§ Dataset section:
------------------------------------------------------------------------

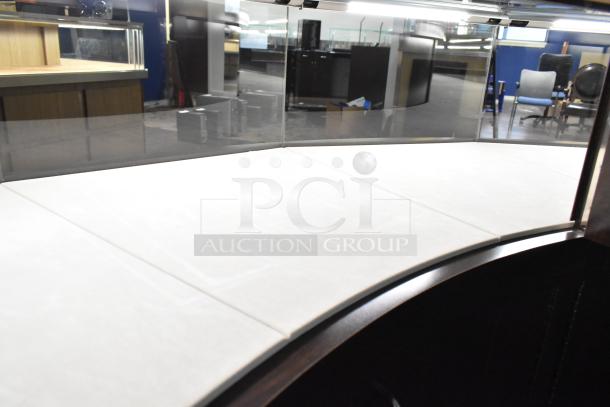 Wooden curved lighted jewelry case with four rear doors, excellent condition, sleek glass top, buyer responsible for removal.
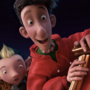 Animated scene of two characters, one human and one elf-like, excitedly looking over the edge of a red sleigh at night.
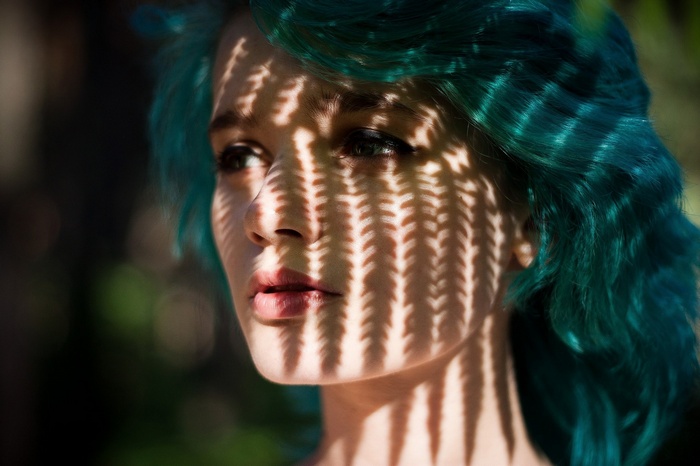 Woman with teal hair and leaf shadows on face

------------------------------------------------------------------------

§ Your instructions:
Return all of the material precisely as written. No picture belongs in it.

§ Response below:
 Wooden curved lighted jewelry case with four rear doors, excellent condition, sleek glass top, buyer responsible for removal.
 Animated scene of two characters, one human and one elf-like, excitedly looking over the edge of a red sleigh at night.
 Woman with teal hair and leaf shadows on face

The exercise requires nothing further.